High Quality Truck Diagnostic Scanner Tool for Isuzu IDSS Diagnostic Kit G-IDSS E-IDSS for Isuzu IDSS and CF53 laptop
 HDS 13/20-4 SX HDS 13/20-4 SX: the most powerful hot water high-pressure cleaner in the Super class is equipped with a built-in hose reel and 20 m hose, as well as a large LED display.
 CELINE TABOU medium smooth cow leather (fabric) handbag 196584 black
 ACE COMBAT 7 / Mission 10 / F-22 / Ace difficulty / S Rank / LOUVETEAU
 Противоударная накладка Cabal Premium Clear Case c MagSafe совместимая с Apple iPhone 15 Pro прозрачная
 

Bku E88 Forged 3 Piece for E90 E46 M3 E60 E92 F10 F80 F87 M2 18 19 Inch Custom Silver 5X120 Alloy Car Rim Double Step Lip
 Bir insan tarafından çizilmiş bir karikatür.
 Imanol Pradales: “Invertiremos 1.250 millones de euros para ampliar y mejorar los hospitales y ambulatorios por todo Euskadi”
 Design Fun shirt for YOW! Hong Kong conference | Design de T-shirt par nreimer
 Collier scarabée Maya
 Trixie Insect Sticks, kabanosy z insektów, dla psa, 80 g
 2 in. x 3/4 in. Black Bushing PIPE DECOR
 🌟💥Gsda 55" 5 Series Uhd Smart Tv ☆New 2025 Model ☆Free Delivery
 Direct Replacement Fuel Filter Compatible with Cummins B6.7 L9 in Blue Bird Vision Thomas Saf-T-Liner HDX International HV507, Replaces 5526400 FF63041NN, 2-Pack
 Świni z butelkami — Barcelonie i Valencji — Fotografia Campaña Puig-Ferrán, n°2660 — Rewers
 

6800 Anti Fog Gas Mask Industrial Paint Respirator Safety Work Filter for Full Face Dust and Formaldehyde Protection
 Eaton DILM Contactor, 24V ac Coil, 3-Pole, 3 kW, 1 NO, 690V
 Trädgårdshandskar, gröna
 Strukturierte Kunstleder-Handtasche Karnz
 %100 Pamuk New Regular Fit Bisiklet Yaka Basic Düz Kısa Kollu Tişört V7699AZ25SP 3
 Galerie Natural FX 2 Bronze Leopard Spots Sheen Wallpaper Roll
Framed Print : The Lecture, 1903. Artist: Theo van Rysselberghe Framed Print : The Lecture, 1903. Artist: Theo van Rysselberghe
------------------------
# DESCRIPTION OF THE TASK
Wherever the string "with" appears in the records, copy the whole line.

# FINISHED EXERCISE
 HDS 13/20-4 SX HDS 13/20-4 SX: the most powerful hot water high-pressure cleaner in the Super class is equipped with a built-in hose reel and 20 m hose, as well as a large LED display.
 Direct Replacement Fuel Filter Compatible with Cummins B6.7 L9 in Blue Bird Vision Thomas Saf-T-Liner HDX International HV507, Replaces 5526400 FF63041NN, 2-Pack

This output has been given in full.